Just click the Sortable Roster link.

The workbook’s name could be asked about for starters, because properly structured, any data set should be agreeable to sorting. You’ll also take note of the cell borders sectioning off respective sport (team) rosters, demarcations that no longer demarcate once one takes the workbook up on its offer and actually sorts the data by say, Last Name or Height. Because the borders will remain exactly where they were drawn – even when the sorts reorder the records – they’ll now be bordering near-random assortments of athletes.

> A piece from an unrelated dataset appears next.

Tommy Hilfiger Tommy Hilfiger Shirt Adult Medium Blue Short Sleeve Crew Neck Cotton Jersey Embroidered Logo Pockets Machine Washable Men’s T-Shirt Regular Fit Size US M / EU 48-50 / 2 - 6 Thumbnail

But now to the data. The Team USA site lets us know that 124 of the team’s 558 members, about 22%, are California-born, an impressive disproportion over and above the state’s 12% contribution to the American demographic whole. If we want to break team representation out by all states, then, a pretty straightforward pivot table should be up to that task:

Rows: Birth State

Values: Birth State (count)

Straightforward, but problematic, e.g. this excerpt:


We’ve seen this before, and now we’re seeing it again. The Olympics may encourage diversity, but promoting disparate spellings of the same state name is grounds for a DQ, at least in this event. Note the pairs of Calif., Colo. and Fla. in the screen shot, a spate of duplications (and there are others in there) inundated by superfluous spaces. Note as well the misspelled Cailf., and it seems that full attention hasn’t been paid to the business of getting the data in shape.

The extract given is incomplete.